* [EXERCISE] What you copy should be the lines from the one with "House in Davenport, Florida" through the end of the entries, word for word. Omit the pictures.

* [Short web captions]
*** Begin section ***
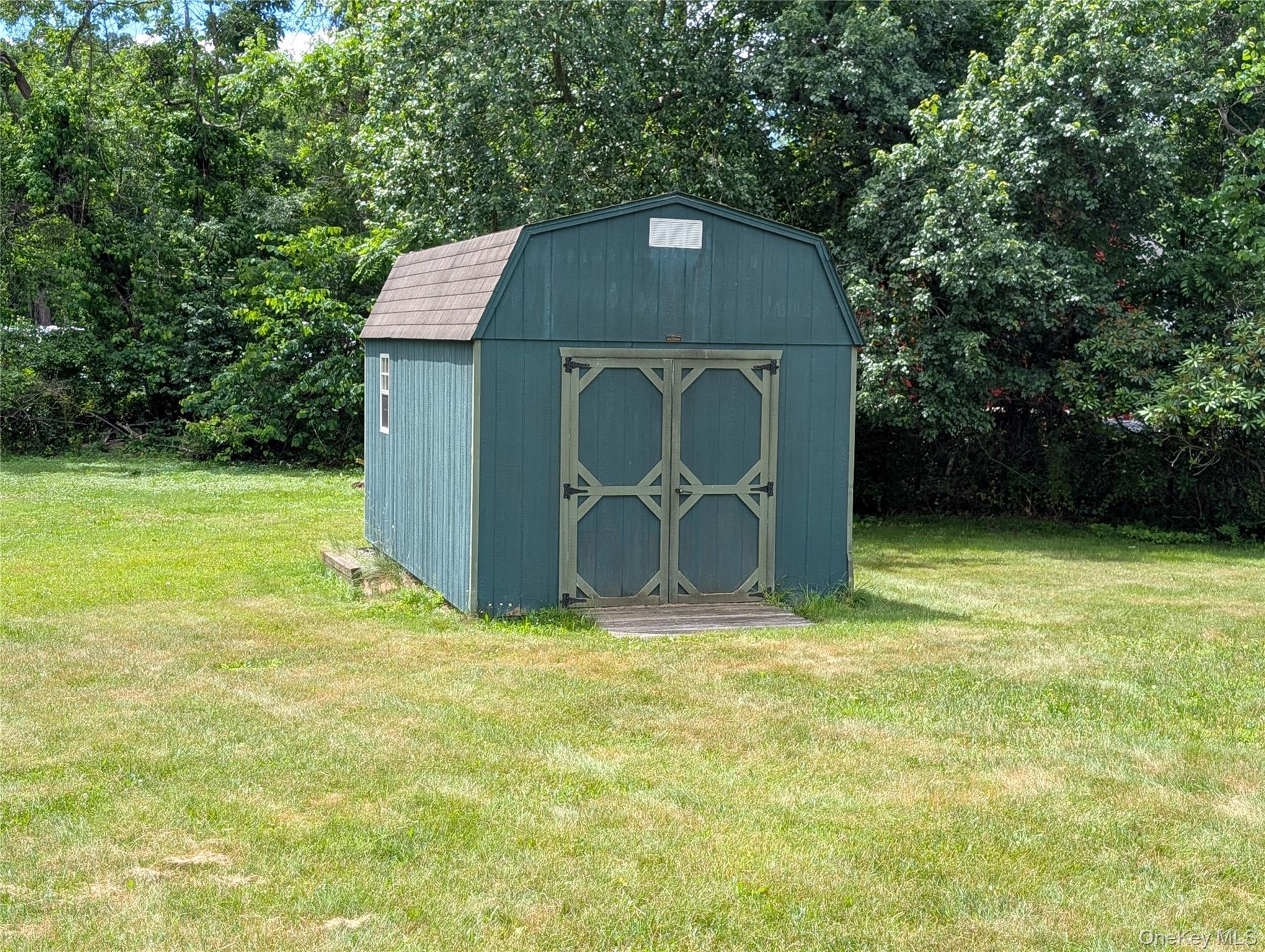 11 Kevin Court Property Photo 11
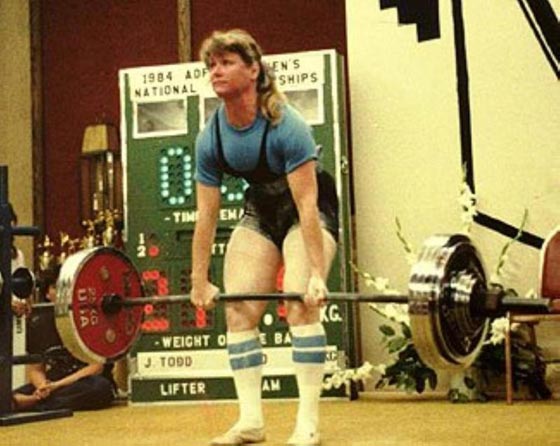 اقوى 10 نساء في العالم! عضلات بارزة فأين الانوثة؟ صورة رقم 6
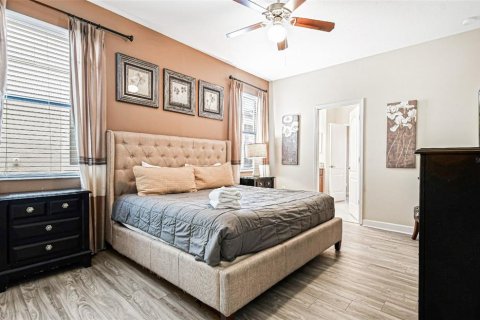 House in Davenport, Florida 8 bedrooms, 363.15 sq.m. № 2150485 - photo 11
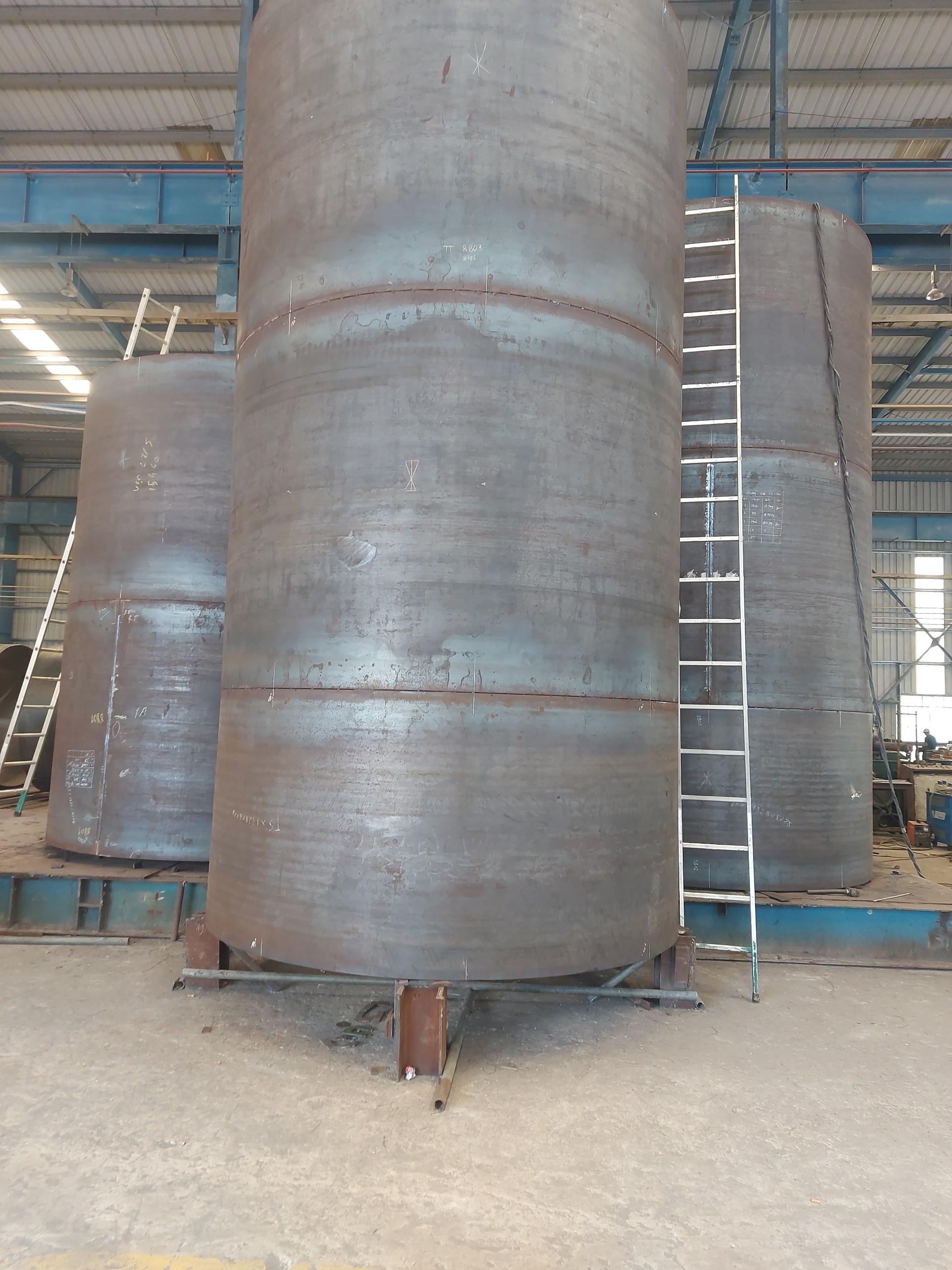 GIA CÔNG BỒN, BỂ CHỨA - FABRICATION TANKS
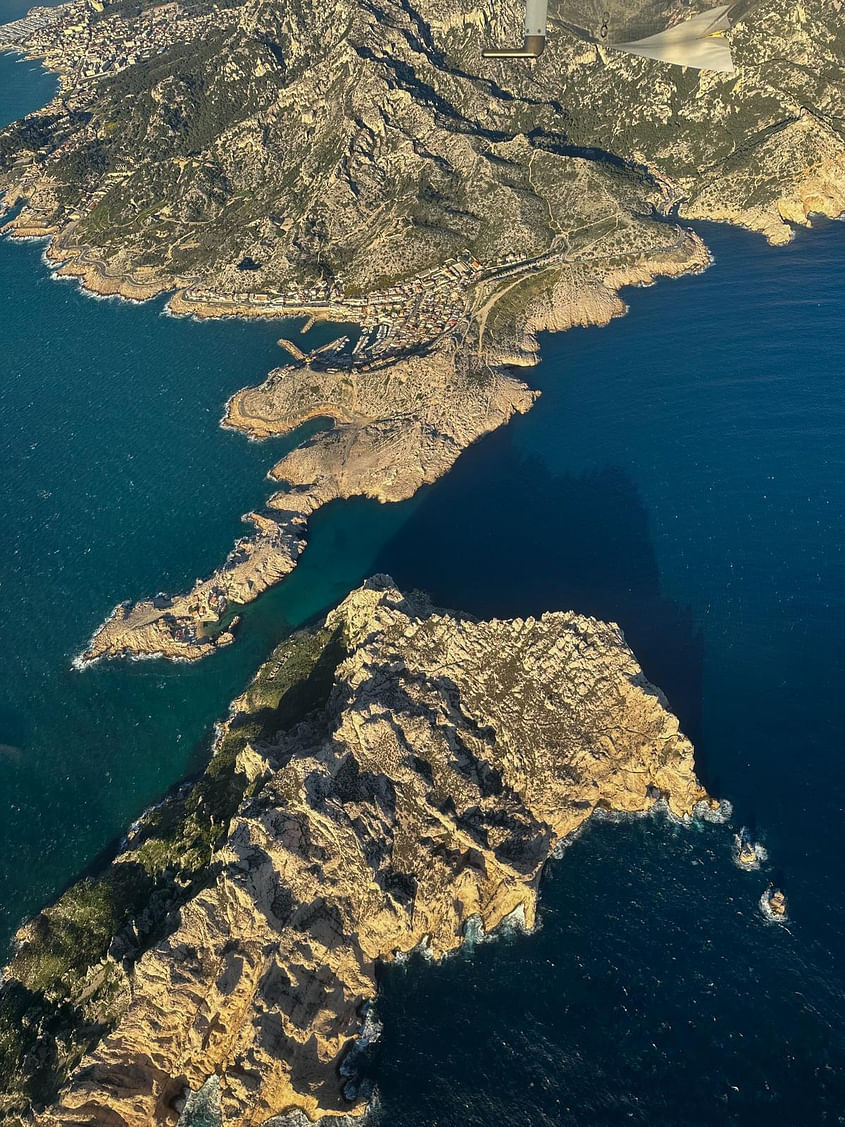 Vol à la découverte de Marseille.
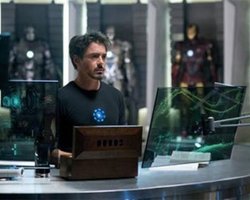 Премьеру Железного человека 2 перенесли из-за вулкана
*** End section ***
* [YOUR SOLUTION]
 House in Davenport, Florida 8 bedrooms, 363.15 sq.m. № 2150485 - photo 11
 GIA CÔNG BỒN, BỂ CHỨA - FABRICATION TANKS
 Vol à la découverte de Marseille.
 Премьеру Железного человека 2 перенесли из-за вулкана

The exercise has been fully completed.